Last Updated: September 09, 2019
·
35.86K
· ninjascribble

Avoid box-model disparity with box-sizing: border-box

A well-supported --but often misunderstood-- CSS property, box-sizing describes how your content-width, padding and border contribute to the overall width of a block-level element.

The "border-box" value eschews the traditional box-model for something a little more simple-math-friendly. Instead of adding padding and border to a specified width or height, "border-box" places them within. For example, the following element will be 200px wide regardless of the padding value:

/**
 * Normally I would be 222px wide,
 * but with box-sizing: border-box
 * I'll never be wider than 200px!
 */
.slimmer-box {
    box-sizing: border-box;
    border: 1px solid #777;
    padding: 10px;
    width: 200px;
}

You can ascribe the "border-box" model to every element by default with a simple:

* { box-sizing: border-box; }

And the simple inclusion of a box-sizing property standardizes the box-model across all browsers, regardless of rendering mode!

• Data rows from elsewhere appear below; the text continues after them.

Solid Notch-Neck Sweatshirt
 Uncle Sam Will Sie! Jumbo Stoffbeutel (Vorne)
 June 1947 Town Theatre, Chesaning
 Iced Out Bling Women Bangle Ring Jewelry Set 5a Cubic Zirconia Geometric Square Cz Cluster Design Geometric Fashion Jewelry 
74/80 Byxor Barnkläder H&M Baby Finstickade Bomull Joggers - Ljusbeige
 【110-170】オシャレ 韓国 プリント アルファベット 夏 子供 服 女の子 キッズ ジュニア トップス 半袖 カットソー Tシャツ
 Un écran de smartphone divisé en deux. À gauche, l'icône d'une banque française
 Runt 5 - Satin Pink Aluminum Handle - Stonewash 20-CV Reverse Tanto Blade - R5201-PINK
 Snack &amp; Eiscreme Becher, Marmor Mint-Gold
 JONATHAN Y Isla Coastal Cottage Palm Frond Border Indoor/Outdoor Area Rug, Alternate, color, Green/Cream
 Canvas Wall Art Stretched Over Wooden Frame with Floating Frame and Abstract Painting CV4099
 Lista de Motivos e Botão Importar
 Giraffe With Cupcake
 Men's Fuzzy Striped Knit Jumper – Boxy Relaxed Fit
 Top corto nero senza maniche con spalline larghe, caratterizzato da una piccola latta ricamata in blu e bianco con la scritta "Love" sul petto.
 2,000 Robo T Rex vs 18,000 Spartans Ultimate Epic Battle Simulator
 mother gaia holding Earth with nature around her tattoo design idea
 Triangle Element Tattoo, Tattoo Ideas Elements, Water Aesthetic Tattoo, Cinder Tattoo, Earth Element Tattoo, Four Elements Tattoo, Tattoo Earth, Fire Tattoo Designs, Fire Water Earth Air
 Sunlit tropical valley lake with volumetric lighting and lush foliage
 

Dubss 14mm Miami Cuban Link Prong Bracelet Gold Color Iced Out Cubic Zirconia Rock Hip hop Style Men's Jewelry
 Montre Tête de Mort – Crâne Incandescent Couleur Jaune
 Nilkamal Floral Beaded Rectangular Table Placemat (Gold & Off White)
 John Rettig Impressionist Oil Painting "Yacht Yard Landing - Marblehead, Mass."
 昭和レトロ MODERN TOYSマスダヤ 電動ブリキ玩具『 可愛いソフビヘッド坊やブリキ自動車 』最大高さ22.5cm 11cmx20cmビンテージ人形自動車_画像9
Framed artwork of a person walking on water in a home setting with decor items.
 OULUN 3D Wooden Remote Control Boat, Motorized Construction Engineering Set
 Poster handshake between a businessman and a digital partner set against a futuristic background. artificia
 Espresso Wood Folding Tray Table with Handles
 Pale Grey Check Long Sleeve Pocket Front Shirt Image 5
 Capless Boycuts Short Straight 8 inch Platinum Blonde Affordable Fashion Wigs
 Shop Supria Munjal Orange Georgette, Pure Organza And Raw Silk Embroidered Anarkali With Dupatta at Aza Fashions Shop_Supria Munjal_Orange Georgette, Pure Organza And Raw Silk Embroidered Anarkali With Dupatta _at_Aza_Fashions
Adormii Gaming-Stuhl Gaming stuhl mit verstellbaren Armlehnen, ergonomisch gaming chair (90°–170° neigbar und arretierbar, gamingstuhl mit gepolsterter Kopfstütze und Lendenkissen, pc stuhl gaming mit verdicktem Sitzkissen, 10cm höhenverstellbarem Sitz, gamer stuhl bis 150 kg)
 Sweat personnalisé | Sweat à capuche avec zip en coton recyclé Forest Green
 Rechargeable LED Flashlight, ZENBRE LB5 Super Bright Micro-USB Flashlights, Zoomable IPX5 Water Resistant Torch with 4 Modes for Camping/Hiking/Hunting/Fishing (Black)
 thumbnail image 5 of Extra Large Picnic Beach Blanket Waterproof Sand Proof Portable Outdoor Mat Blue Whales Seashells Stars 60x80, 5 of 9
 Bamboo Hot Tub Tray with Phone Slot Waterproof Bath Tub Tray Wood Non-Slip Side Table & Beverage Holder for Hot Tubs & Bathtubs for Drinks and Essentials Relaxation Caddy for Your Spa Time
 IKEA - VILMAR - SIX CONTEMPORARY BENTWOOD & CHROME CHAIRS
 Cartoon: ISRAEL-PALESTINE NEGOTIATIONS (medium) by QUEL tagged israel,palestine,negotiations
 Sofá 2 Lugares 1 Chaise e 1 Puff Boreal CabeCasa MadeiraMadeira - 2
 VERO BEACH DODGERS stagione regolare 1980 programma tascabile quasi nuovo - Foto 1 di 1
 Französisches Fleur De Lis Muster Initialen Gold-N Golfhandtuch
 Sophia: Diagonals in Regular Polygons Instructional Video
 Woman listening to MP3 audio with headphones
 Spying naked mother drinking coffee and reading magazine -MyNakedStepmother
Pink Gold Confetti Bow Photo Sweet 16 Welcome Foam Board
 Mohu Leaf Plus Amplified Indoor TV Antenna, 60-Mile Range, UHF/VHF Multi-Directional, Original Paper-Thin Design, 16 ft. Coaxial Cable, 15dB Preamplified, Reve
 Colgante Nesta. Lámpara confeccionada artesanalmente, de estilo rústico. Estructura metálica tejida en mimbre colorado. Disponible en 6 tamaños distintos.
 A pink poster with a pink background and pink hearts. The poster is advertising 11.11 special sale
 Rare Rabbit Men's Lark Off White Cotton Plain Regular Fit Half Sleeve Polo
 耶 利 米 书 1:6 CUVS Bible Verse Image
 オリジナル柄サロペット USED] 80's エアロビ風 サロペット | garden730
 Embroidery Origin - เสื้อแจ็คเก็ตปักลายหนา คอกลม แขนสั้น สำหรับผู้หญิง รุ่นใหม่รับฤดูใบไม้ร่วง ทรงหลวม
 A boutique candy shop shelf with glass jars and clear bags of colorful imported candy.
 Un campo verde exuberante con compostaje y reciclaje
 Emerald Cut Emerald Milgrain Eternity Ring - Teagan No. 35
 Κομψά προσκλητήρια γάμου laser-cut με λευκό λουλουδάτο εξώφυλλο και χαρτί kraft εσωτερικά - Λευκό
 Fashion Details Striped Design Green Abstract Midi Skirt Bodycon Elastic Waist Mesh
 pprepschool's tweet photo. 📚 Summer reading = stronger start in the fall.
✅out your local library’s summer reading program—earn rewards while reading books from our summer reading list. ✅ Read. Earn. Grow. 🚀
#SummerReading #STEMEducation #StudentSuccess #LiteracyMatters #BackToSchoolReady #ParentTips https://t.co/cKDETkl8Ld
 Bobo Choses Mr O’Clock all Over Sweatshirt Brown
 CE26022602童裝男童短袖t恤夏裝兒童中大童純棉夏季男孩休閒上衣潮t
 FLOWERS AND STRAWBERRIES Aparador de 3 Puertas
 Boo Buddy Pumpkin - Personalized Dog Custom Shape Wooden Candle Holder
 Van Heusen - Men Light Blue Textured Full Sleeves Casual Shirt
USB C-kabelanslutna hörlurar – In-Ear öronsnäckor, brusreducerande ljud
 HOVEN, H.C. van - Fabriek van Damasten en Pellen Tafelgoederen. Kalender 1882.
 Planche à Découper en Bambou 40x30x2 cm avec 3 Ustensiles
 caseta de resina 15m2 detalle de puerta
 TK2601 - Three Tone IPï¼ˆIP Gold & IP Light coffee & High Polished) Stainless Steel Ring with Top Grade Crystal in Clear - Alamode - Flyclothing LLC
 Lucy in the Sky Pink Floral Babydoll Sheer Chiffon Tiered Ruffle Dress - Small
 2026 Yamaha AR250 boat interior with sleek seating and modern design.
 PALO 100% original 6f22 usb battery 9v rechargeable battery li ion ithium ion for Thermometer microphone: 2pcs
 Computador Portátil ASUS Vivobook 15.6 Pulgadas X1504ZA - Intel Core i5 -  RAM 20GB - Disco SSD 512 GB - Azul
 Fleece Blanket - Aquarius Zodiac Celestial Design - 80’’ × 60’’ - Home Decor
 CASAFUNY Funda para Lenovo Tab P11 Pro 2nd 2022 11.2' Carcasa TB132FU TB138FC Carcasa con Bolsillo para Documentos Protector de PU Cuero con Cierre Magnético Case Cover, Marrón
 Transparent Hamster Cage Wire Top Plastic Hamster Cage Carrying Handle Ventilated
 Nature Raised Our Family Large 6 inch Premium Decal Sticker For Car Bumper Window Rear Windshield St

"box-sizing" has been supported in IE since version 8. Other browsers still require a vendor prefix:

-moz-box-sizing: border-box;
-webkit-box-sizing: border-box;

Or you could just use http://modernizr.com/docs/#polyfills

2 Responses
Add your response

Chrome, Safari and Opera don't require a prefix for box-sizing anymore...
http://caniuse.com/#search=box-siz

over 1 year ago ·

It might be relevant to mention that in versions prior to Firefox 17, the min-height and max-height properties don't respect box-sizing. It has also been reported that the same occurs on IE9 while running as IE8 browser mode.